Iovance also has entered into agreements to significantly increase production capacity that supports both late-stage clinical and, if needed, commercial demands. For the manufacture of cell-based products, the company has established multiple service relationships. These include providers such as WuXi AppTec, Lonza, and the Moffitt Cancer Center in the U.S. and PharmaCell in Europe. To enhance access to clinical data, new key partnerships were initiated with the Moffitt Cancer Center for clinical trials in melanoma and lung cancer to provide data on the combination of TIL and checkpoint inhibitor therapies, and the NCI for data on the combination of TIL with an anti-PD1 inhibitor in melanoma.

"We do hope that the clarity that the new name brings will attract new investors."

Maria Fardis, Ph.D., MBA
CEO, Iovance Biotherapeutics, Inc.


To support an ongoing clinical trial that combines TIL therapy with nivolumab for the treatment of patients with metastatic melanoma and non-small-cell lung cancer, Iovance announced Clinical Grant Agreements with the Moffitt Cancer Center. A three-year Sponsored Research Agreement with Moffitt is also exploring the development of new TIL technology in a preclinical setting.

The company also established a clinical collaboration with MD Anderson Cancer Center this past April for access to rare patient populations with sarcomas, and clinical evaluation of TIL in ovarian and pancreatic cancer. This partnership also will explore a new method of manufacturing TIL using an MD Anderson process. The process of TIL generation at MD Anderson is slightly different from what Iovance utilizes. An additional co-stimulant is added to the media to assist in growth of TIL for certain tumor types.

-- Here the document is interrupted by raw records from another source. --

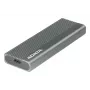 SSD korpuss ADATA EC680 pelēks M.2 USB Type-C PCIe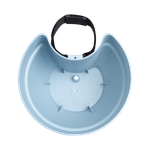 vibia campana regenpijpbakje 22cm vintage blauw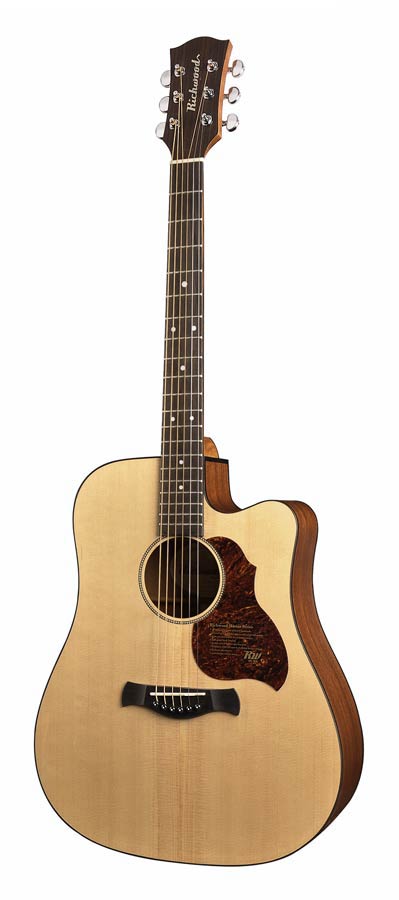 Richwood D-20-CE Richwood D-20-CE Chitarra acustica dreadnought elettrificata D-20-CE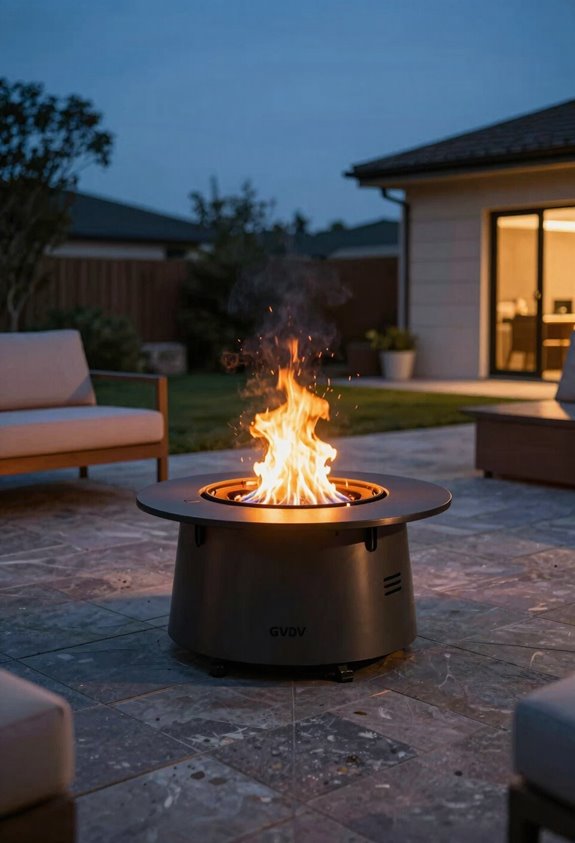 7 Best Fire Pits for Patios in 2026 4 compact fragile smokeless pit burn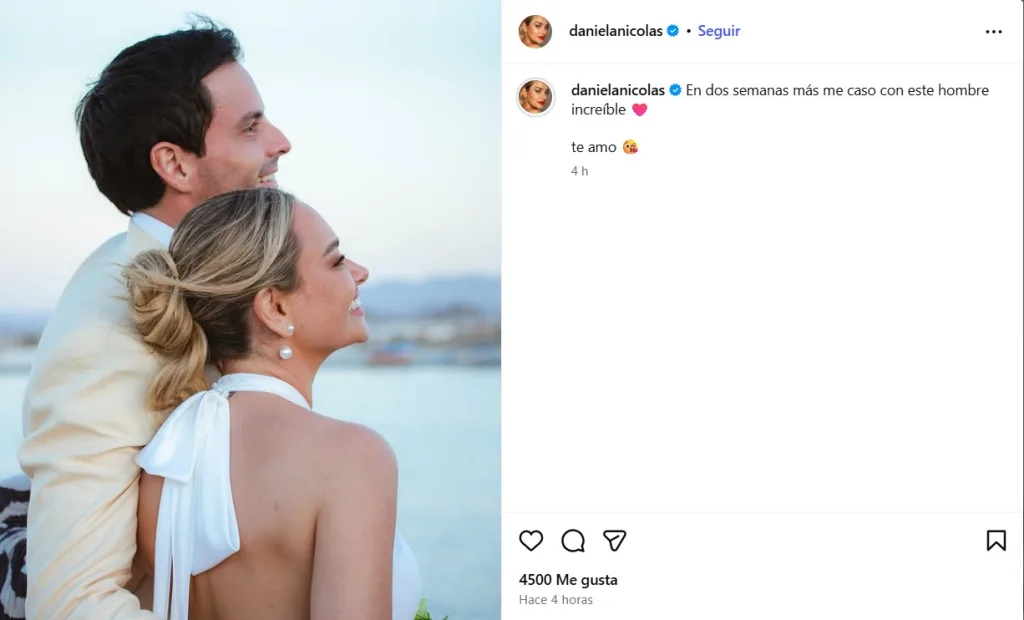 Daniela Nicolás Instagram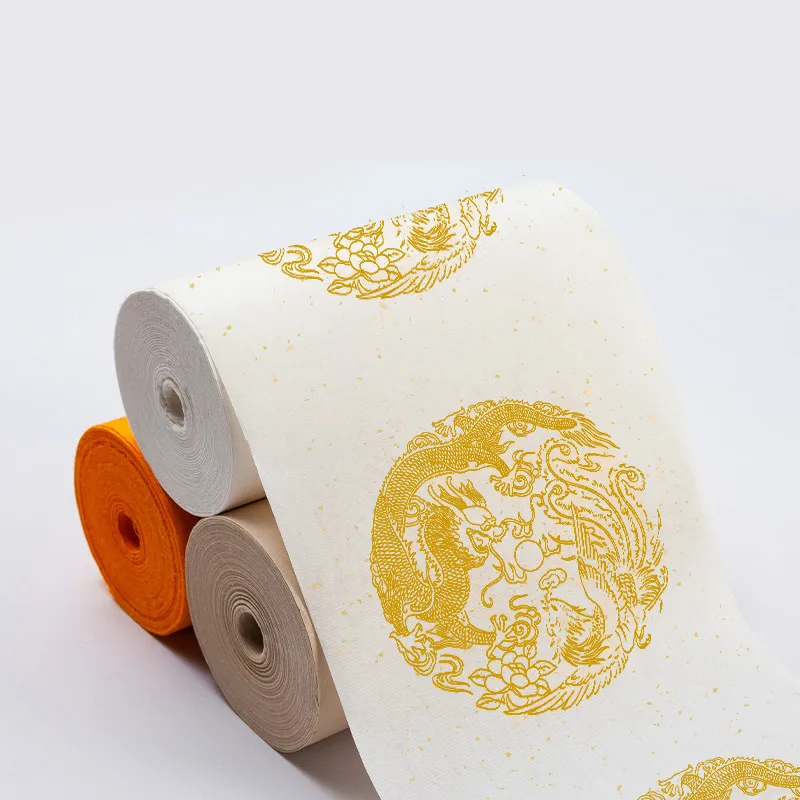 

Китайская прокатная бумага Xuan для двоих, утолщенная красочная бумага для каллиграфии, половинная бумага Xuan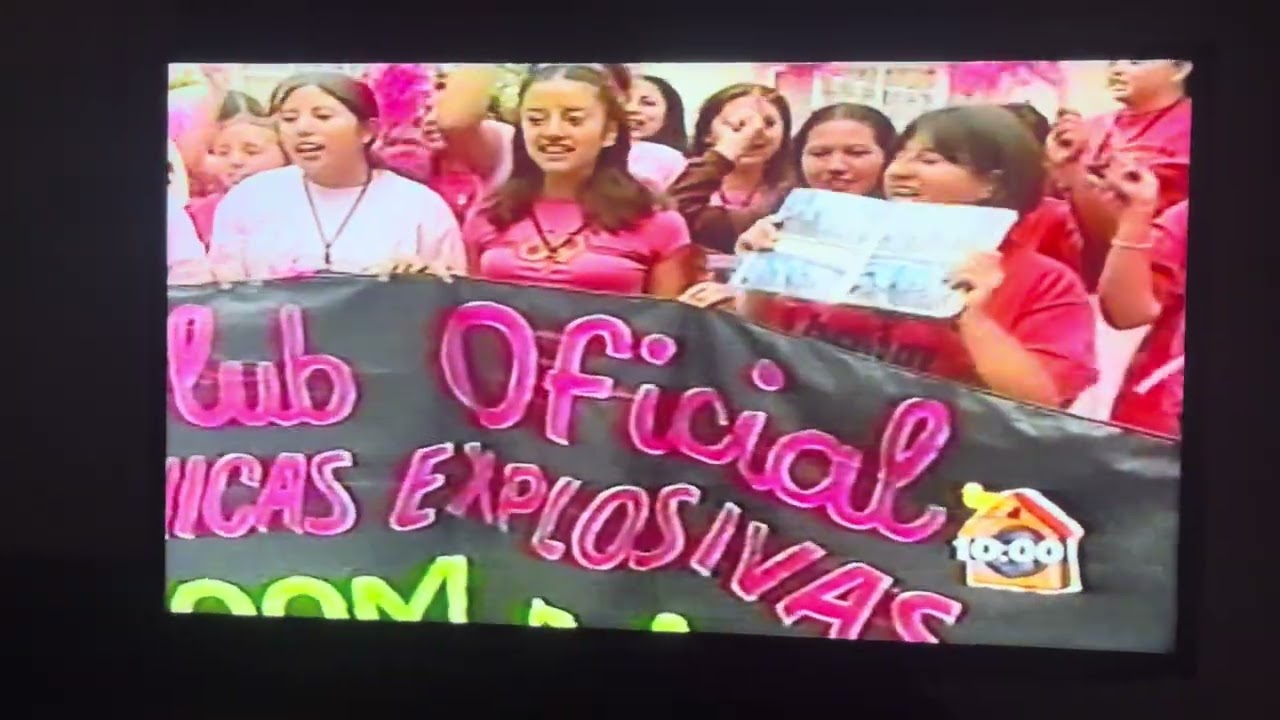 Fans chicas explosivas de boom. Saludos. 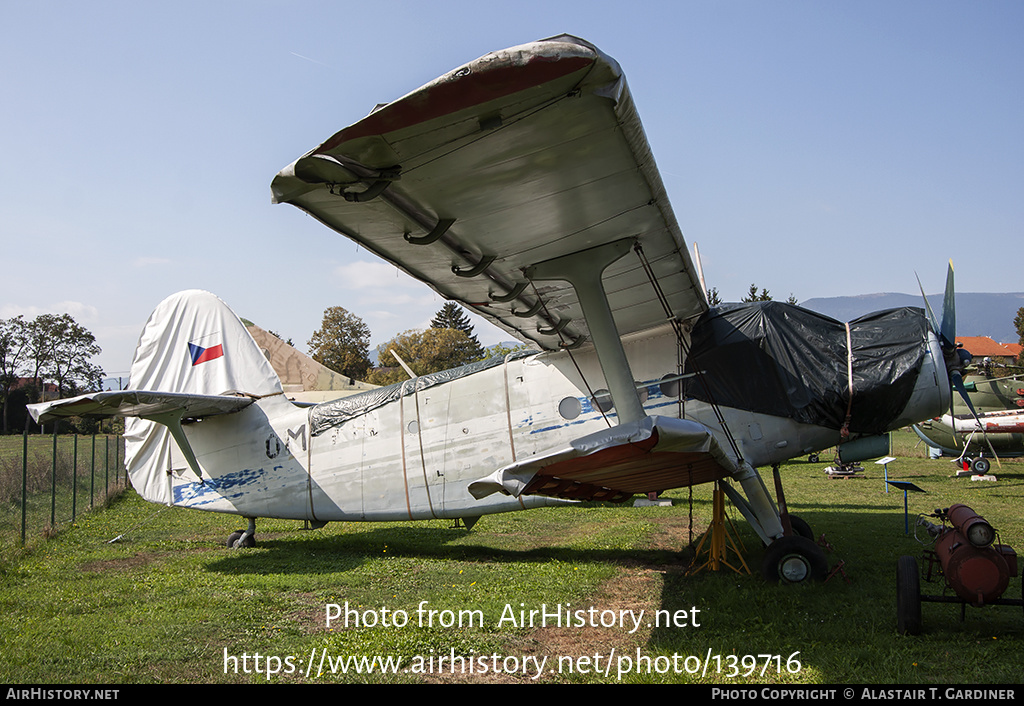 Aircraft Photo of OM-RIQ | Antonov An-2 | AirHistory.net #139716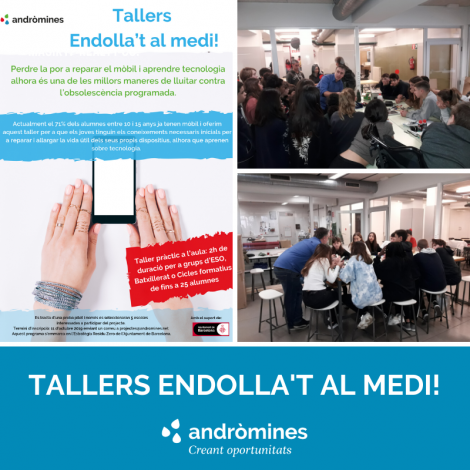 Portem la reparació a les escoles!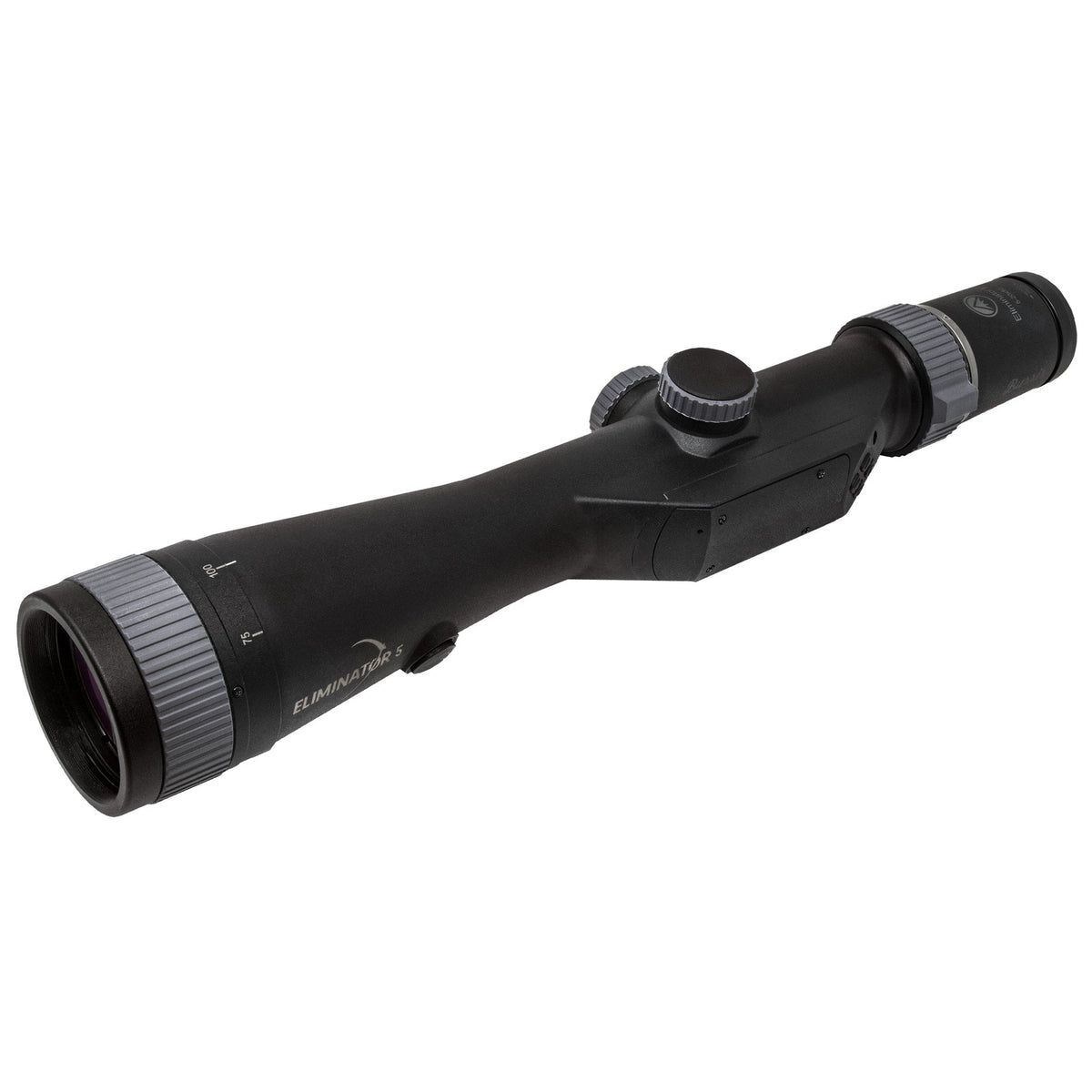 Burris Eliminator 5 LaserScope 5-20x50 rifle scope with the X96 rangefinding reticle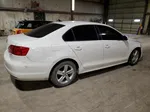 2013 Volkswagen Jetta Tdi Белый vin: 3VWLL7AJXDM205572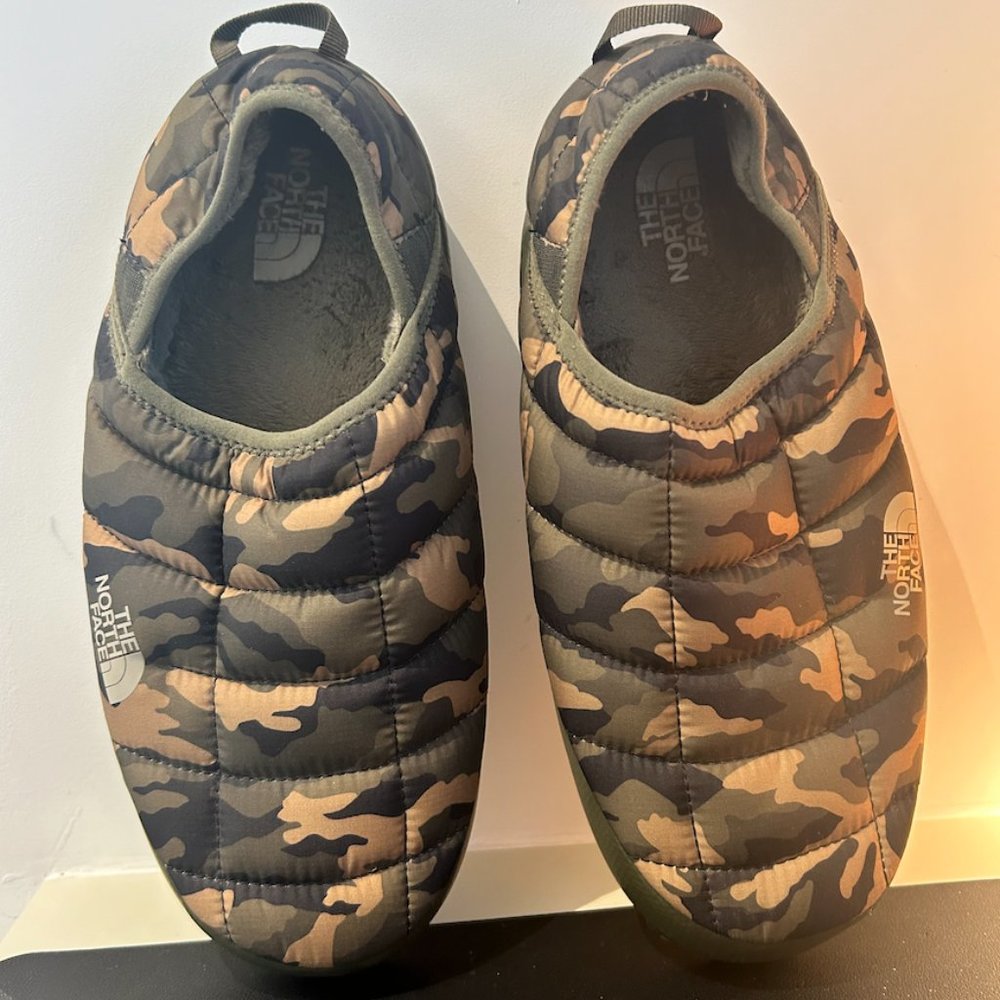 North Face Slippers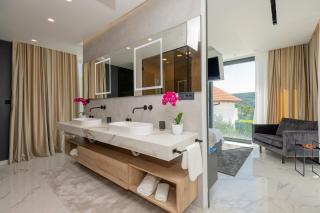 Luxury Lake-View Villa Karmen with Heated Pool, Private Spa & Sunset Terrace - 4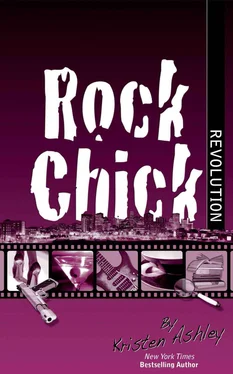 Kristen Ashley Rock Chick Revolution обложка книги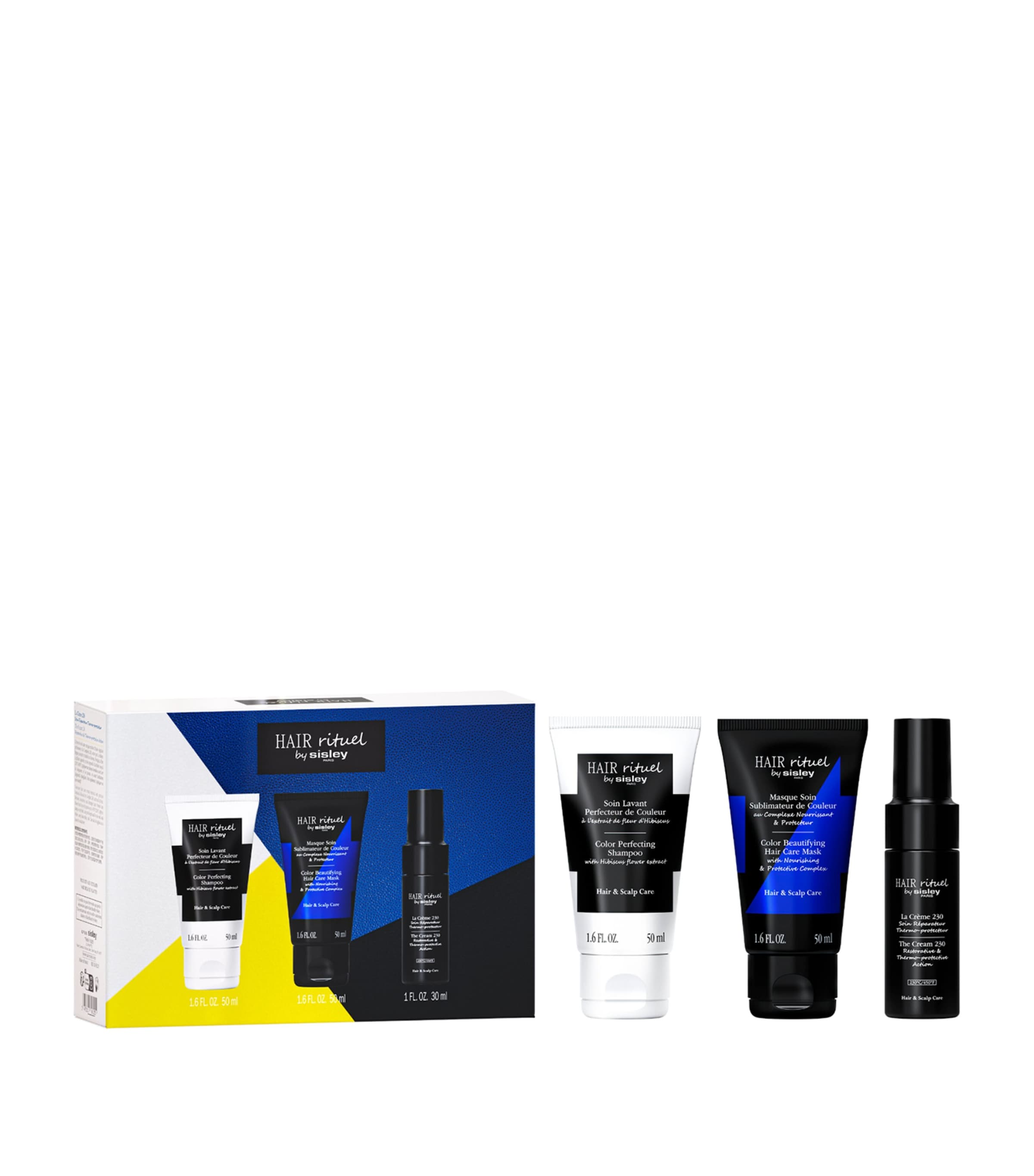 Sisley Paris Color Care & Shine Haircare Gift Set In Multi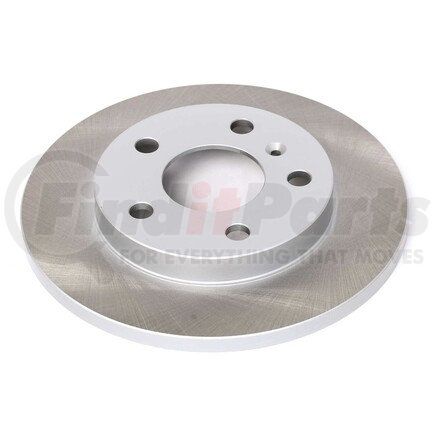 AR8286SCR by POWERSTOP BRAKES - Disc Brake Rotor - Rear, Vented, Semi-Coated for 2005-2009 Buick Allure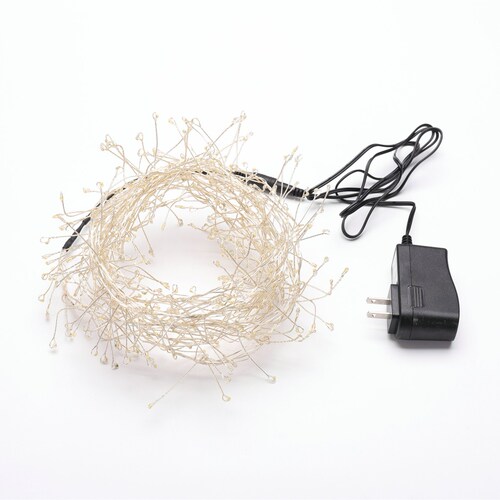 Cross-border LED South Korea Christmas firecracker lights, colored lights, copper wire lights, centipede foot decorative lights, holiday lights, decorative lights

Iovance recently initiated Phase 2 clinical trials for LN-145 in head and neck and cervical cancers, and the first patient was dosed in June. The company plans to continue enrollment in an ongoing, expanded Phase 2 trial for LN-144 (its lead product candidate) in melanoma. The melanoma studies conducted at NCI have showed an overall response rate of 56 percent in a broad patient population and a complete response rate of 24 percent in patients treated with TIL. Anticipated regulatory milestones include defining the pathway for LN-144 in the U.S. and the initiation of regulatory interactions with EU health authorities.

“By year-end we may have partner-sponsored trials in pancreatic, glioblastoma, ovarian cancer, various sarcomas and melanoma combination trials with three of the approved checkpoint inhibitors in addition to the three ongoing Iovance-sponsored TIL clinical studies in metastatic melanoma, head and neck and cervical cancers,” Fardis says. “This gives us a robust pipeline based on our TIL technology.”

As a clinical-stage biotechnology company, Iovance held $147.2 million in cash and cash equivalents and short-term investments at the end of March 2017, compared to $166.5 million as of December 31, 2016. “While investors make their determination about a company regardless of a name, we do hope that the clarity that the new name brings will attract new investors and provide us better visibility as a player in the IO space,” says Fardis.

She sees obtaining regulatory approval as a barometer for success in drug development, but small companies only can go so far and may need help with that process. While Iovance continues to execute development of TIL in multiple indications in the U.S. and prepares for global trials, a partnership with Big Pharma would be considered great success as the product can benefit from broader available resources. Fardis says: “Success in drug development is bringing a product to the market, whether it is done as a standalone company or through partnerships with major pharmaceutical companies.”